In order to extend the project out to a fully-fledged application, you can simply add services and cshtml pages. So long as you pay attention to the structure and match how you would extend an ASP.NET Core application, you should be in good standing. You can add references to external libraries via NuGet, most of which will just work. However, you should keep in mind that every time you add a package that increases the size of the payload, that needs to make it to the client. Since we’re at near 2MB for the base package, every little bit more than you have to download hurts all that much more.
Obviously, there are some limitations to what you can do inside a browser. Everything that is run in Wasm is run inside of the JavaScript sandbox, which means that you can’t directly access things like a disk or the network. So a lot of functionality like using SQLClient to talk directly to a database won’t work (also that’s a terrible idea anyway). Libraries may contain functionality that tries to write temp files too, which won’t work. Keep these limitations in mind when you’re planning how you test the application.
One of the really nice parts about Blazor and Wasm, in general, is that it is possible to interact with the JavaScript APIs. So if you want to do geolocation through the geolocation API you can install a package like Blazor.Geolocation (freshly updated for Blazor 0.7, BTW) and it will just work. The complex marshaling is done to map JavaScript and .NET data types back and forth is all done under the hood by Blazor. For the most part, you can easily call .NET methods from JavaScript and JavaScript methods from .NET code. Mind blown!
In the example of Blazor.Geolocation to get the location information from the browser’s JavaScript context, you need only inject a location service into your cshtml and run
location = await locationService.GetLocationAsync();
The package takes care of dealing with the asynchronous nature of getting the location information from the browser. Other JavaScript APIs can be similarly wrapped.

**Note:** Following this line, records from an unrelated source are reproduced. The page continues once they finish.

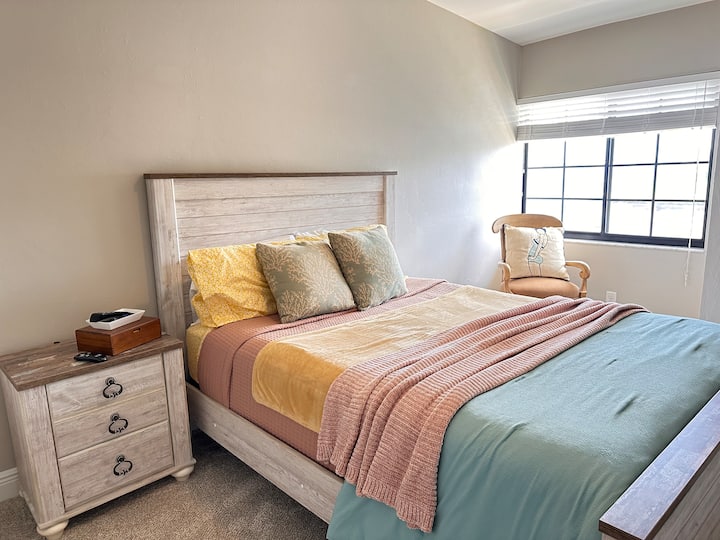 საძინებელი 3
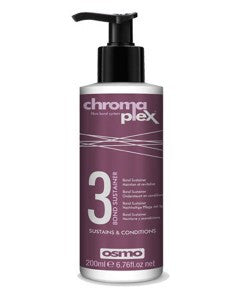 Chromaplex Bond Sustainer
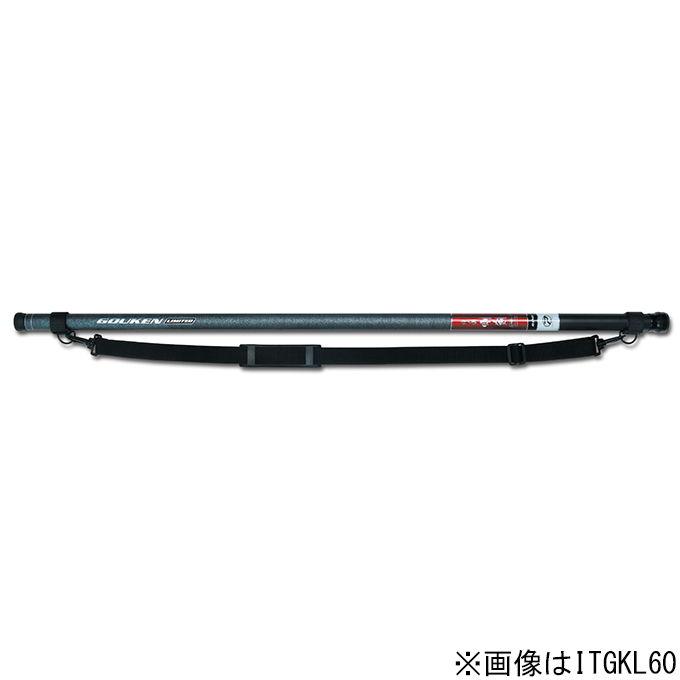 プロックス 磯玉の柄剛剣リミテッド500 5m Prox タモの柄 Itgkl50 返品種別a Joshin Web 通販 Paypayモール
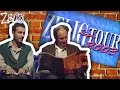 La Panchina - Ale e Franz - Zelig in Tour 2003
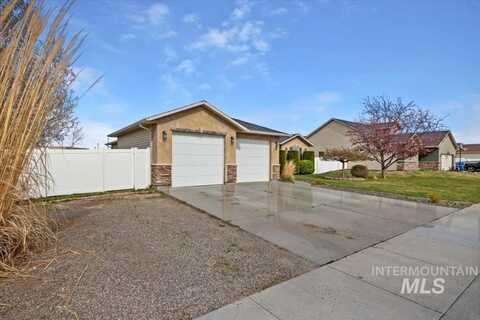 920 E Avenue F, Jerome, ID 83338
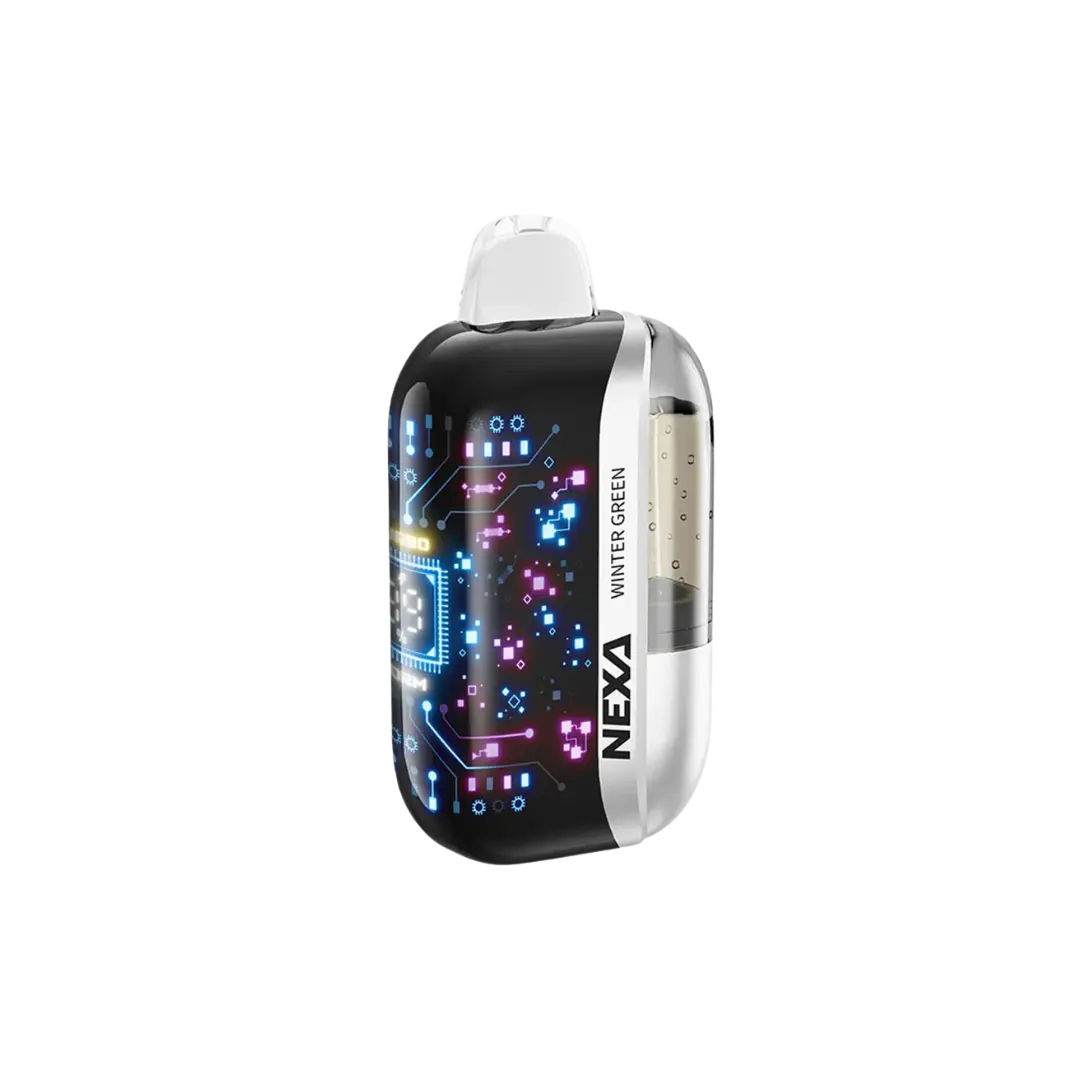 NEXA ULTRA 50000 PUFFS DISPOSABLE NEXA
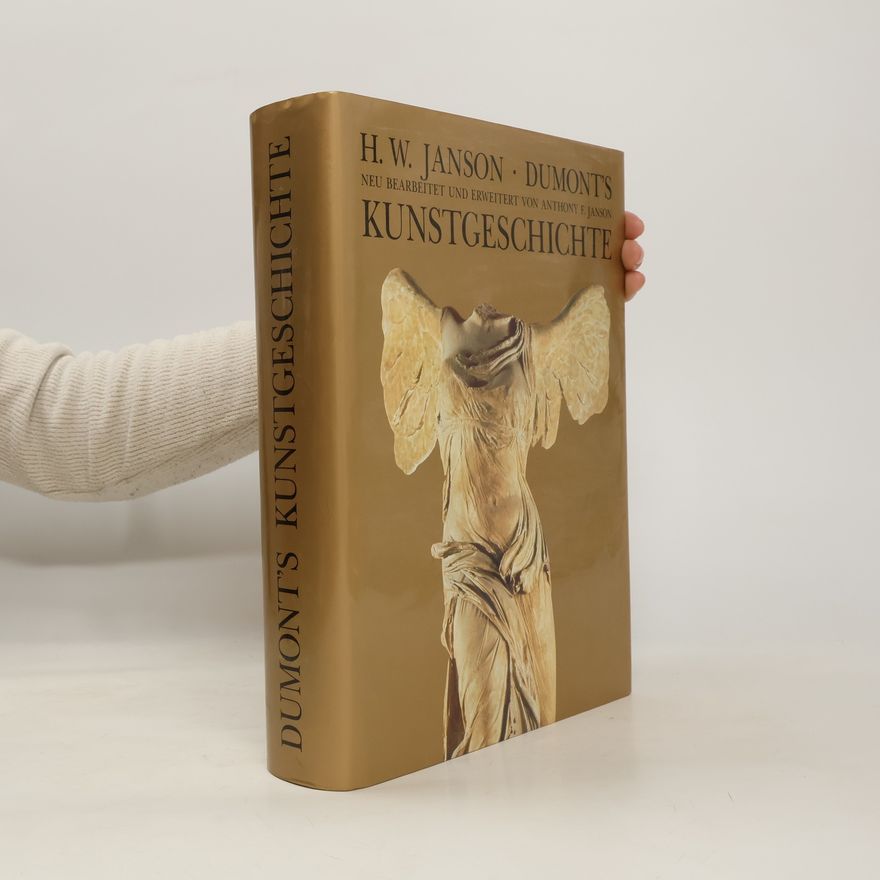 Horst W. Janson DuMont's Kunstgeschichte der Alten und der Neuen Welt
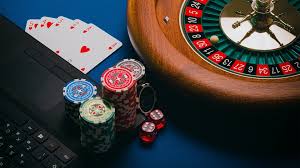 Top 5 UK Online Casinos for 2023
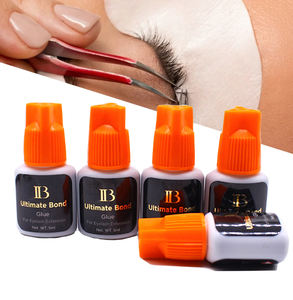 Lavalash <span class=keywords><strong>Ibeauty</strong></span> 4-6s Últimas 4-5 semanas Ultimate Bond Glue Adhesivo de extensión de pestañas fuerte - Product Image 2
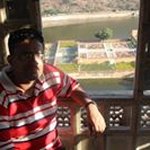 Profile Picture of Santosh Iyer (@santriyer) on Instagram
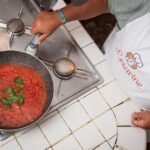 Cesarine: Small Group Market Tour & Cooking Class in Alberobello - The Sum Up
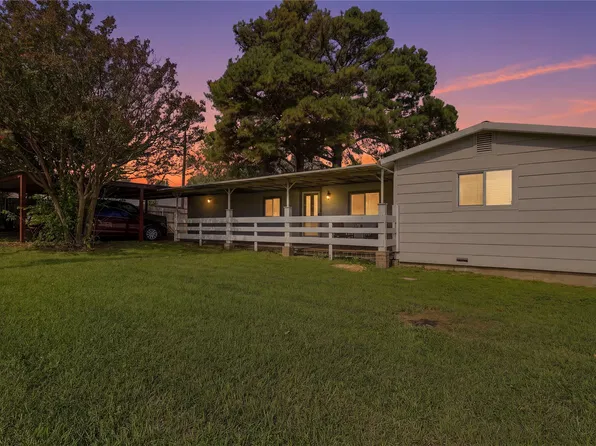 6017 E Highway 67, Alvarado, TX 76009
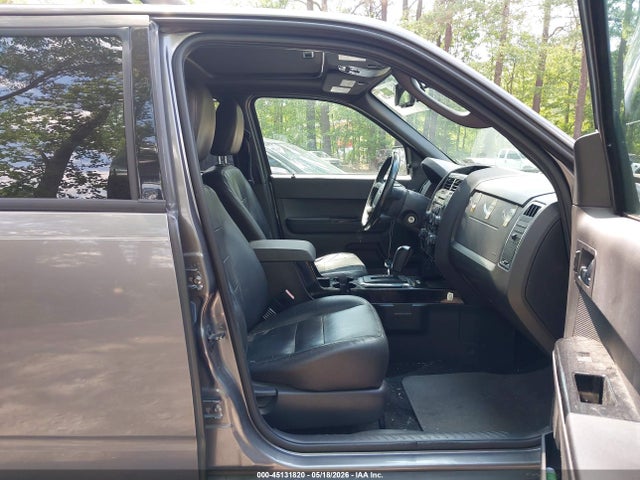 Продажа на аукционе авто 2012 Ford Escape Limited, vin: 1FMCU0EG8CKC75028, номер лота: 45131820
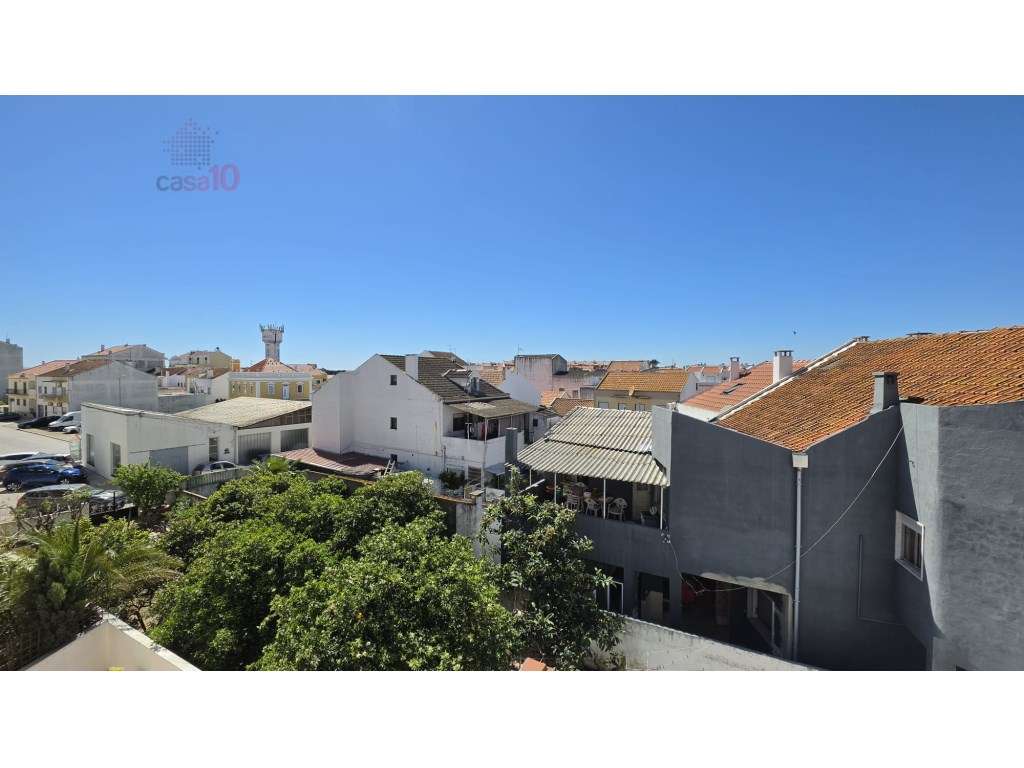 Apartamento T2 duplex para venda no Samouco, Alcochete - Grande imagem: 4/22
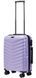 Wings (Poland) suitcase from the Phoenix collection.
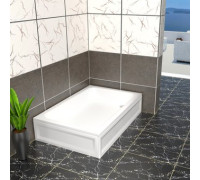 Душевой поддон RGW B/CL-S-A 16180279-51-A 70x90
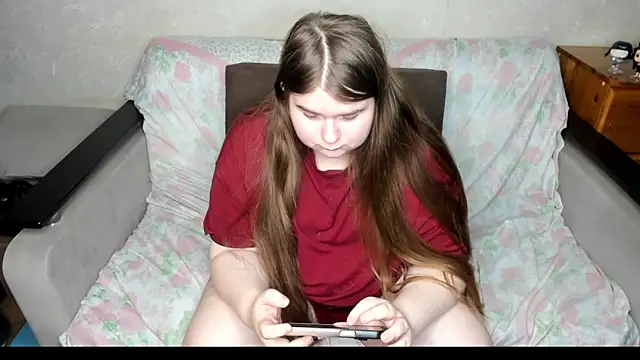 pauline_dominance (Ask my age) - cum show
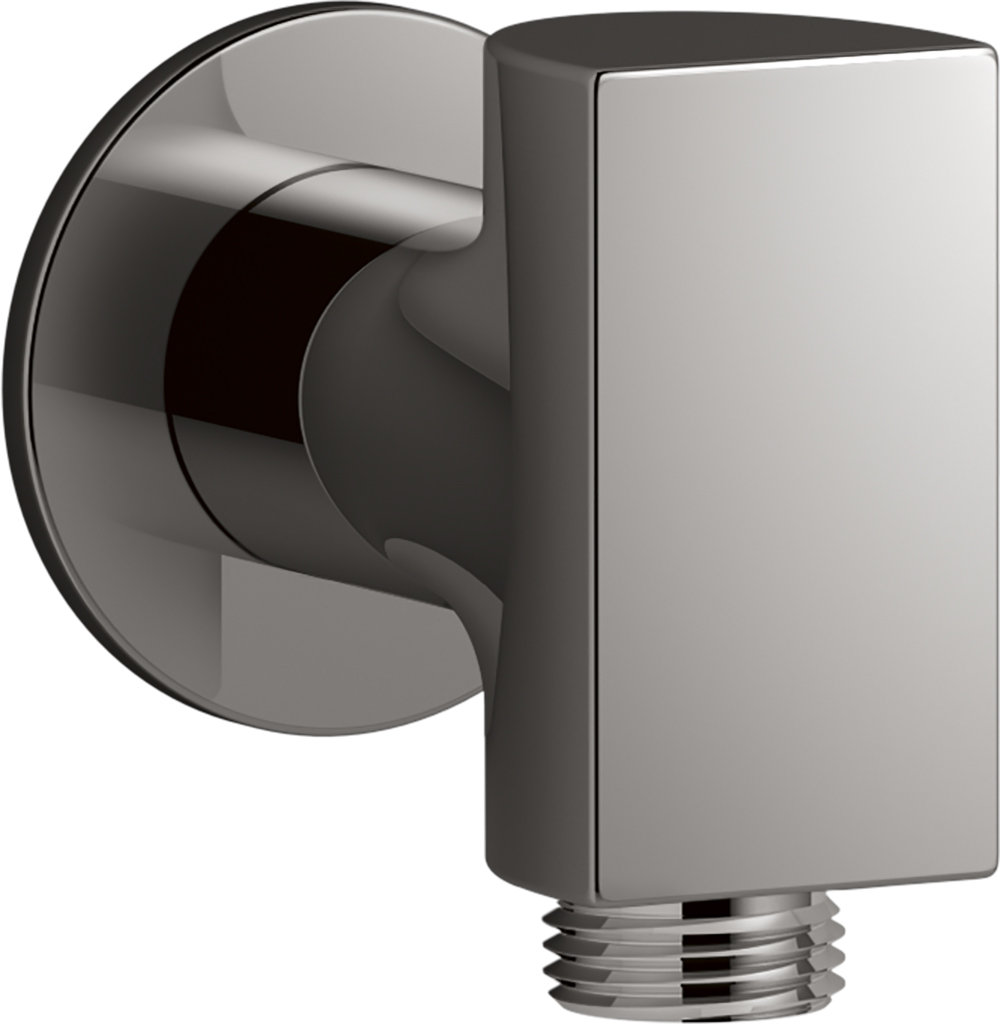 Kohler Exhale Wall Mount Supply Elbow Wayfair
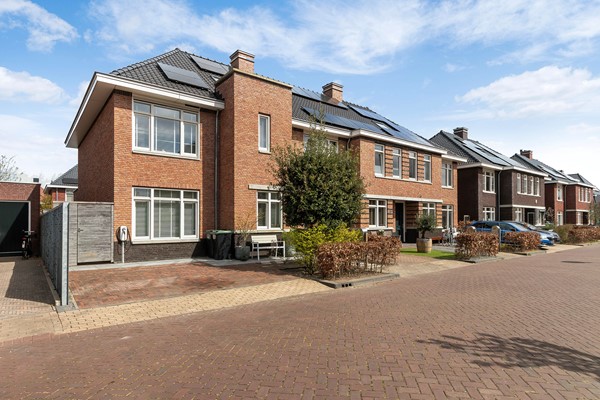 Medium property photo - Stevenshof 20A, 3319 AX Dordrecht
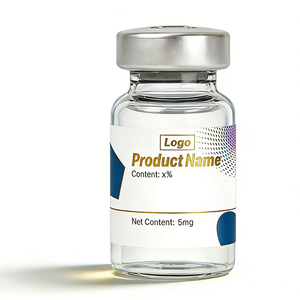 Etiquetas de Vinilo Autoadhesivas Holográficas Personalizadas, Resistentes al Agua, al Calor y con Fuerte Adhesión, Transpirables, para Botellas y Frascos de 3ml, 5ml y 10ml - Product Image 3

You can read about how to interop with JavaScript in great detail in the Blazor documentation.
The debugging story isn’t fantastic at the moment. With server-side Blazor, everything is F5-debuggable in Visual Studio, but once you come over to client-side, the debugging story isn’t fully fleshed out. The sources tab in Chrome contains a baffling array of files and Wasm functions, which cannot be easily debugged at this juncture. Eventually, there may be source mapping support for all this and the experience should be much better. However, for the time being, the compiler is not able to output maps.
Network traffic can be debugged just as you would any other network traffic, for instance in Prefix. Equally, the server side remains a standard ASP.NET Core application, so it can benefit from instrumentation with Retrace or Prefix. In that regard, at least the debugging and analytics story is quite good.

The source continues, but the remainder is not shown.